Laurie: We hope you people are already using it because you know, in addition to all this general, professional obligations, I mean, we have been approached many times individually before the deposit about sharing the data. So, there clearly is a lot of interest in these kinds of data so hopefully they're already being used by others.

How did you find the demands of your time, and any other experiences that you went through with the depositing process with RCMD?

Laurie: One of the things to deposit that was a little more time consuming than you might otherwise have been if you were just keeping the data to yourself is that you have to have really careful documentation and codebook that really explains everything, so that's a more demanding part and depending on how large the dataset is it will be more or less demanding. You have to put everything down so that you know people understand. People shouldn't be using data that they don't understand, all of the nitty gritty about how they were put together and the potential caveats within them. So that's one part. That was really, in terms of preparation, the major thing. Also making sure the data is in a form that is accessible to others and clear takes a little bit of additional time. Again, you're not just using it yourself. Proofreading to make sure you don't make mistakes. We found a mistake in the codebook the week before it was supposed to go live, so the care that's involved in that. The other thing is that you guys, at RCMD, were very efficient and helpful in moving it forward and making it go public, live, whatever you want to call it. But, it did sit for quite a long time in the general queue. So that's not really our time and demand but it is an issue that researchers should be aware of, that it doesn't happen immediately. But you guys were extremely efficient at RCMD. Were very, very helpful and efficient.

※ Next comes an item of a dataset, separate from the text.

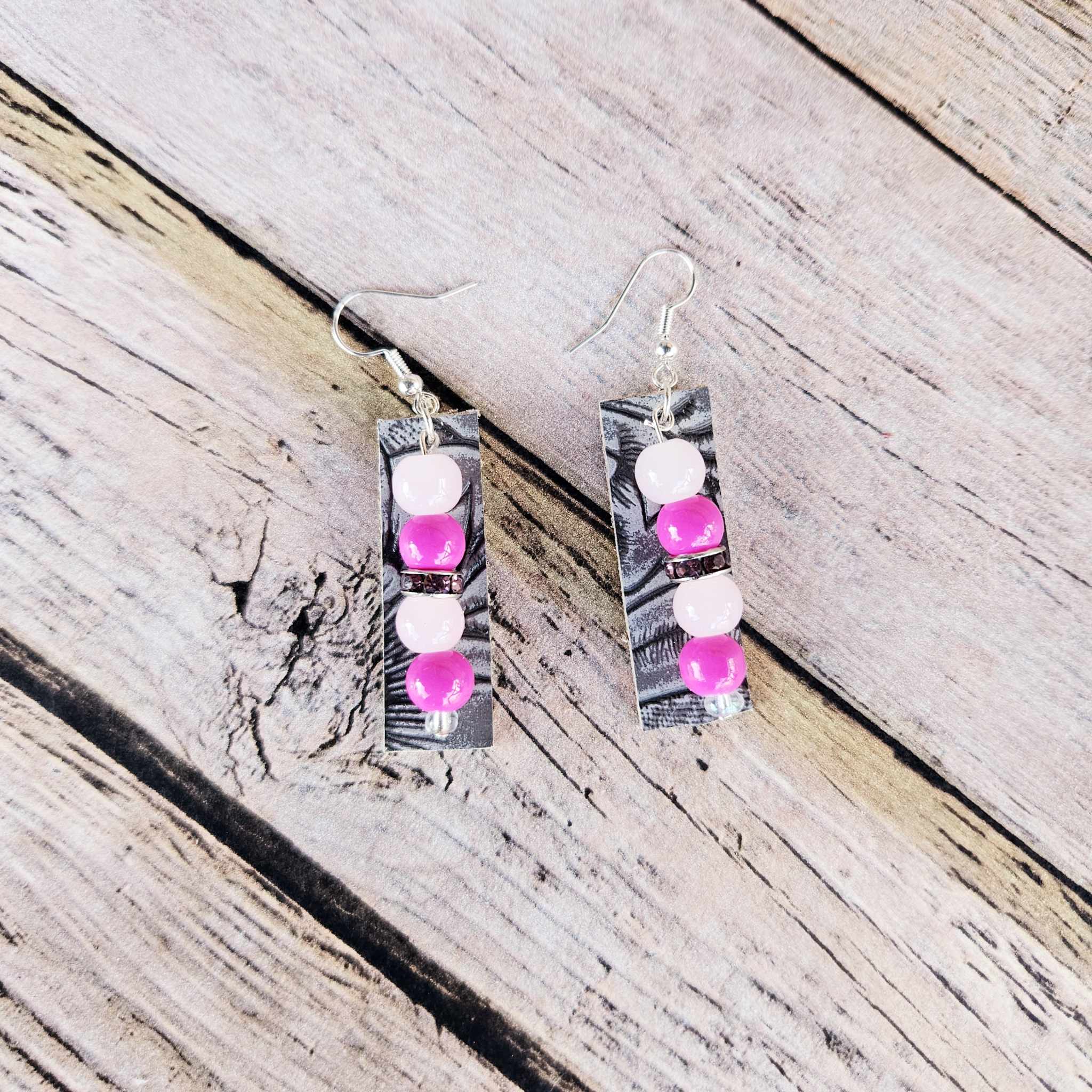 silver earrings, pink and white beaded earrings, pink rhinestone earrings, grey leather earrings, handmade jewelry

Ruth:: We're very pleased that the data are there and that people will be able to just go to them and use them. We've referred a lot of people. People ask us about the data and we're able to just say, "They're at ICPSR. Here's the number."

Laurie: Someone was saying something to me that knew about our data collection and it was like, "I'm not asking you to share your data." And I was like, "you can have our data anytime. It's at ICPSR. You don't have to feel bad about asking anymore. We wrote our book, you can get them."

Ruth: So we're actually very pleased. When we got the notice that they were coming online, we were really excited about that because we're looking forward to seeing what people do with them as well. We hope people use them and we look forward to seeing what they do with them.

How have you applied your research experience in the classroom?

Ruth: We offered what we called a research practicum to our graduate students, with these data before it was deposited. So, we shared the data with them, we talk to them about the experience of collecting the data, what the data were. They came up with ideas for papers and worked in twos to develop papers. Some have presented that work at various meetings. One of the papers that Laurie talked about earlier is one that came from that research practicum where the two lead authors will be those two graduate students working on that idea together and we are finishing up working with them on it and will be submitting a paper hopefully later this month. That was one of the main ways in which we have integrated it into our teaching. We're on a quarter system here at Ohio State and we did a two-quarter sequence where they learned about the data and they worked with the data and developed a paper.

Laurie: Right now, I'm teaching an undergraduate class here at Rutgers University on communities and crime and the class isn't directly informed by the research but at the same time we are reading a paper that came out of this research so I think in that regard it feeds itself back into the issues that I teach.

Ruth: I'm going to teach a graduate seminar next quarter and that will definitely be the case in all likelihood. We will read the Divergent Social Worlds book which also tells a lot about the data and the analyses in the book are based on the data itself so hopefully that will also generate some interest on the students' part, working with the data.